Os UHF tocavam antes dos Minas e Armadilhas e dos Aqui d"el-Rock. "Chegámos lá com muito pouca bagagem. Só tínhamos cinco ou seis músicas, não mais, e eram todas parecidas. Mas tocámos com uma atitude do caraças", conta o músico ao DN. "No final, tivemos de vir logo embora porque tínhamos de apanhar o barco para casa e se ficássemos mais tempo teríamos de dormir ao relento. Só depois é que soube que havia pessoas a perguntar quem eram aqueles tipos. Foi o nosso lançamento."

Desses primeiros tempos, António Manuel Ribeiro, atualmente com 64 anos, recorda uma grande força de vontade: "Nós queríamos tocar rock. Só isso. E estávamos dispostos a fazer muitos sacrifícios para juntar todo o dinheiro para comprar umas baquetas novas ou uma pele para a bateria. As guitarras eram muito más mas eram as que tínhamos. Era tudo muito caro e muito difícil", conta. "Éramos muito certinhos. Eu obrigava-os a uma certa disciplina", ri-se. Nessa altura, o músico já era casado e tinha filhos, tinha tirado umas "férias sem vencimento" do seu trabalho para se dedicar à música. "Dei a mim próprio um ano para experimentar.

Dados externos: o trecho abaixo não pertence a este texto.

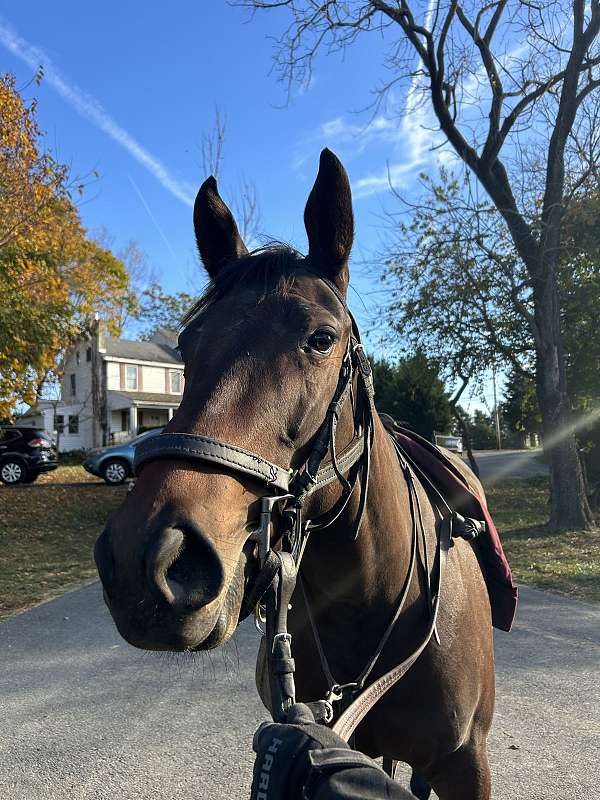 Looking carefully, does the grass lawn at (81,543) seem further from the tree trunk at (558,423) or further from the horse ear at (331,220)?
the horse ear at (331,220)

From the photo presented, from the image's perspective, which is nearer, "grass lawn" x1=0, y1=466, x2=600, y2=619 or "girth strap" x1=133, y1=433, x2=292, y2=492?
"girth strap" x1=133, y1=433, x2=292, y2=492

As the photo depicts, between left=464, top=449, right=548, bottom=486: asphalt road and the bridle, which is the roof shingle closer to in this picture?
left=464, top=449, right=548, bottom=486: asphalt road

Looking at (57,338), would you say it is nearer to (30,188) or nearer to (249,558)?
(30,188)

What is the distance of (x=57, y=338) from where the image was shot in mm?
13734

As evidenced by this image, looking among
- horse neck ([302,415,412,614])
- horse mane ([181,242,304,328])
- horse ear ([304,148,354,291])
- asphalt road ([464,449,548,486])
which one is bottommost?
asphalt road ([464,449,548,486])

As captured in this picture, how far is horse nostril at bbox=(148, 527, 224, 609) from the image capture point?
1114 mm

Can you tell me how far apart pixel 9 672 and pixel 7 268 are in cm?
906

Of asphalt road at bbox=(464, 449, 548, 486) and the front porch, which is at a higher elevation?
the front porch

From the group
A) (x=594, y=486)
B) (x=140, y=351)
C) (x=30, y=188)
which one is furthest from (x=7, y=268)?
(x=140, y=351)

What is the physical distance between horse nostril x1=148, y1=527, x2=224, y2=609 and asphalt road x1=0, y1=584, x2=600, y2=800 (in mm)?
1399

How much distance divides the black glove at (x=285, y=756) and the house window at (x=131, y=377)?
1704 inches

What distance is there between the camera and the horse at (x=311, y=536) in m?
1.18

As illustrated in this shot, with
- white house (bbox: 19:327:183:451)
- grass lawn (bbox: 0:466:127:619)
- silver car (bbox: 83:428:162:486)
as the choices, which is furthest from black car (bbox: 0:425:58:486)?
white house (bbox: 19:327:183:451)

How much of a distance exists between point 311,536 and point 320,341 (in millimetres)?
658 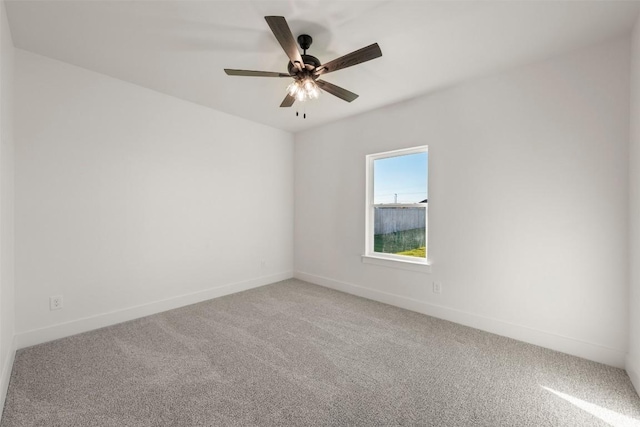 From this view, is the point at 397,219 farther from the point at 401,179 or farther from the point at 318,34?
the point at 318,34

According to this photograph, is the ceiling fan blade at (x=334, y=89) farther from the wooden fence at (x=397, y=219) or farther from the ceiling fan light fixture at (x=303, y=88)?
the wooden fence at (x=397, y=219)

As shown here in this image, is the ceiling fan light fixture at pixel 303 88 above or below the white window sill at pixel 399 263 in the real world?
above

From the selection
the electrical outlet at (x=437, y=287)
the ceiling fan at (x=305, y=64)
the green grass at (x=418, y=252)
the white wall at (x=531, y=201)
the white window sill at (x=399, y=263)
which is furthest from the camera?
the green grass at (x=418, y=252)

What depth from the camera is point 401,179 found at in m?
3.60

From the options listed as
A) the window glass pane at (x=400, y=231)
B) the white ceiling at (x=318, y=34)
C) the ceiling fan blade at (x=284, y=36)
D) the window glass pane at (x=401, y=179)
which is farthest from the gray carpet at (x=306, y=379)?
the white ceiling at (x=318, y=34)

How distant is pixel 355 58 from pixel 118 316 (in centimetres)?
337

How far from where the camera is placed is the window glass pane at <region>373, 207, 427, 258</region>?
3.39 m

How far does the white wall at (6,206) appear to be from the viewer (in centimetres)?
179

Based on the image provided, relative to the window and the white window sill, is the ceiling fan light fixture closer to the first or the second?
the window

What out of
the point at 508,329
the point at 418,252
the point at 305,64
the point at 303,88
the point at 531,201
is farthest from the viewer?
the point at 418,252

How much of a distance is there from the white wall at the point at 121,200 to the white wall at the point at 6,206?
0.22 metres

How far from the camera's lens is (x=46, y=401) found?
173cm

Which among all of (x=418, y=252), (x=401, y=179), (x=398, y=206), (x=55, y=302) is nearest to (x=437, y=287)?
(x=418, y=252)

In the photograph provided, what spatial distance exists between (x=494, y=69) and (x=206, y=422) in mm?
3613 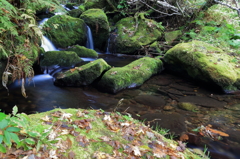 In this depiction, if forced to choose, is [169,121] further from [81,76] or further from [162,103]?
[81,76]

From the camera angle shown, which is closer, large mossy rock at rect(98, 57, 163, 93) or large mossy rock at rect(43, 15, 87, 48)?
large mossy rock at rect(98, 57, 163, 93)

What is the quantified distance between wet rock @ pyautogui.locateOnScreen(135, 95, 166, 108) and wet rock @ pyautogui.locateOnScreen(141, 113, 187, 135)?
692 mm

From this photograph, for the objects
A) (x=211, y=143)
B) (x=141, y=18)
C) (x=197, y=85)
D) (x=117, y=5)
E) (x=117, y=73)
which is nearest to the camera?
(x=211, y=143)

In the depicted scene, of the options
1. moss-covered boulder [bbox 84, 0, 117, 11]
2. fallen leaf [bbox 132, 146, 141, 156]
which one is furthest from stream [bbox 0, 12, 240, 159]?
moss-covered boulder [bbox 84, 0, 117, 11]

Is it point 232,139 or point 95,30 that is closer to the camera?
point 232,139

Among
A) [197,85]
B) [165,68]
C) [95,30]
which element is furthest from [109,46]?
[197,85]

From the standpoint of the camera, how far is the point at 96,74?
6.48 metres

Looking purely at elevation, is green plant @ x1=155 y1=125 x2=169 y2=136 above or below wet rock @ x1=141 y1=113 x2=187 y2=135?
above

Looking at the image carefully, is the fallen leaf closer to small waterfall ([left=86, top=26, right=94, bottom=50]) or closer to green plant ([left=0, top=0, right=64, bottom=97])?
green plant ([left=0, top=0, right=64, bottom=97])

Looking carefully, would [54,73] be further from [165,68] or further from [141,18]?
[141,18]

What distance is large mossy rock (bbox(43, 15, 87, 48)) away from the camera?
9992mm

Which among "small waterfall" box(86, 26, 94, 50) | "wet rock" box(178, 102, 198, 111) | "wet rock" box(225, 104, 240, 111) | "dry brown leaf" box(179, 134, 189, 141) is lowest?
"dry brown leaf" box(179, 134, 189, 141)

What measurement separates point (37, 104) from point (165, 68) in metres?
6.23

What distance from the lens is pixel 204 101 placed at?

Mas tinha responsabilidades, portanto não era a mesma coisa de ser adolescente e ter uma banda." Havia muito rock "n" roll mas não havia drogas: "Nós praticamente pagávamos para tocar. Se nos oferecessem uma cerveja já era ótimo. Não tínhamos dinheiro para whiskey e muito menos para drogas."

Poucos meses depois, em abril, os UHF entravam no estúdio para gravar os primeiros temas. E, mais uma vez, era tudo novo. "Parecia que estávamos a entrar numa câmara de tortura. Estávamos habituados a ensaiar numa garagem, com imenso eco. E ali o som era abafado. Pensei que tinha perdido a voz", recorda António Manuel Ribeiro. "Tivemos de fazer uma aprendizagem total." O resultado dessas primeiras sessões num estúdio em Campolide chegou às lojas em outubro de 1979: o EP Jorge Morreu.

No ano seguinte, Cavalos de Corrida fazia a revolução na vida destes músicos da Margem Sul: "Passámos do oito aos 800 sem parar no 80", conta António Manuel. Apesar de tudo, o músico considera que viveram o sucesso "com bastante equilíbrio". "Sempre vivi assim: um dia de cada vez. As coisas aconteciam e nós queríamos mais, queríamos cimentar uma carreira, e por isso continuávamos a trabalhar."

Pouco depois, em 1981, aconteceu aquele que terá sido um dos grandes concertos dos UHF: na Festa do Avante!, no Casalinho da Ajuda, perante 120 mil pessoas. O recinto estava completamente lotado e "a Festa ficou bloqueada, era impossível as pessoas deslocarem-se de um lado para o outro", conta António Manuel Ribeiro, que se recorda de como os seguranças tiveram imenso trabalho a tentar evitar que a multidão subisse para o palco.

Quando olha para estes 40 anos - cheios de sucessos e também de momentos menos bons, muitos deles contados no livro Por trás do Pano, que AMR lançou em 2014 -, o músico, que é o único dos fundadores que se mantém ainda hoje nos UHF não esconde um certo orgulho neste percurso. "O segredo é simples: se não houvesse canções importantes e se não houvesse fãs que pegaram nessas canções e as transformaram em hinos não haveria UHF", explica. Canções como Rua do Carmo, Rapaz Caleidoscópio ou Matas-me com o Teu Olhar, que ainda hoje são cantadas pelos mesmos fãs que agora vêm aos concertos com os filhos pequenos, que também já as sabem de cor.

"Quando olho para trás e revejo o caminho, vejo um puto audaz a seguir o instinto", canta António Manuel Ribeiro na música nova, que foi mostrada recentemente num concerto no Fórum Almada e que deverá integrar o próximo disco da banda. O tema chama-se Hey! Hey! Bora lá e é, explica ele, "uma radiografia poética destes 40 anos": "Quando tínhamos alguma dificuldade, havia sempre alguém que dizia bora lá, porque essa é a única maneira de viver, sem desistir."

Com vários concertos marcados até ao final do ano - incluindo a 22 de dezembro na Aula Magna, em Lisboa, e a 29 de dezembro na Casa da Música, no Porto -, os UHF esperam depois começar a gravar os novos temas para o disco, que deverá ser lançado, na melhor das hipóteses, em fevereiro. Será, como sempre, um disco de rock "n" roll, assegura António Manuel Ribeiro: "Estamos a fazer o que nos apetece, e nem podia ser de outra maneira. É isso que os nossos fãs esperam de nós."